作者: Jakub Rusinowski · 最后更新: 2026年6月15日
Mistral AI's March 16, 2026 release unifying its former Magistral/Pixtral/Devstral lines into a single 119B-total / ~6.5B-active MoE model (128 experts, 4 active per token) with text + image input, reasoning, and agentic coding. Apache 2.0 licensed, 256K context. At Q4 it fits a single 24GB GPU (RTX 4090).
| Mistral Small 4 119B-A6.5B | Min 24 GB VRAM · Q4_K_M · 256,000 ctx · ollama run mistral-small (community GGUF quants; check tag for 119B build) |
Install Ollama then run: ollama run mistral-small (community GGUF quants; check tag for 119B build)
Minimum VRAM: 24 GB. For best results use Q4_K_M quantization.
Mistral Small 4 needs about 24 GB VRAM at Q4_K_M quantization for its smallest variant. Variants: Mistral Small 4 119B-A6.5B (24 GB, Q4_K_M). On Apple Silicon, unified memory counts toward this requirement.

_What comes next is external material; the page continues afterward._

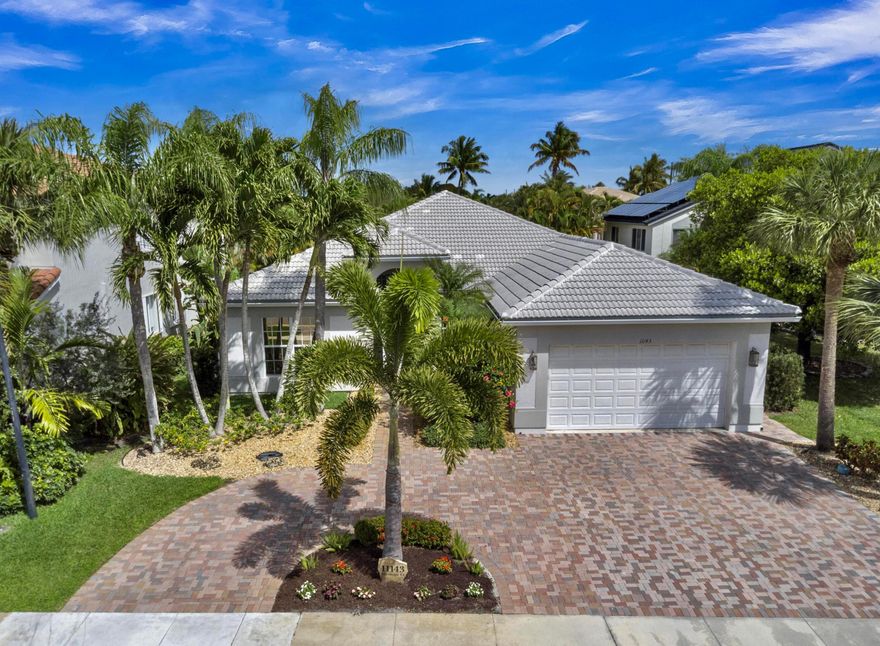 Beautiful 5 bed 3bath waterfront home located on an oversized cul de sac lot in the desirable gated community of Isles of Wellington. Nestled in the center of the world renowned Wellington equestrian community, this property offers both privacy & convenience. The home features a recently updated open flowing floor plan with engineered wood flooring throughout the main living areas & a stylish kitchen with a custom farmhouse barn sink. Enjoy exceptional outdoor living with a travertine pool deck, heated & chilled pool for year round comfort, peaceful water views & a custom tiki bar entertainment area ideal for gatherings. The oversized lot provides additional space & privacy in a quiet cul de sac setting. Isles of Wellington offers gated access & fine community amenities.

Yes — Mistral Small 4 runs on an RTX 4090 (24 GB) and other 24 GB cards such as the RTX 3090. Smaller variants also fit comfortably on 8–16 GB GPUs at Q4_K_M.
Q4_K_M is the best balance of quality and VRAM for Mistral Small 4 in most cases. Choose Q8_0 for near-lossless quality if you have spare VRAM, or smaller quants (Q3/Q2) only when memory is tight.
Install Ollama, then run: ollama run mistral-small (community GGUF quants; check tag for 119B build). This downloads Mistral Small 4 and starts a local, OpenAI-compatible endpoint — no internet connection is needed after the initial download.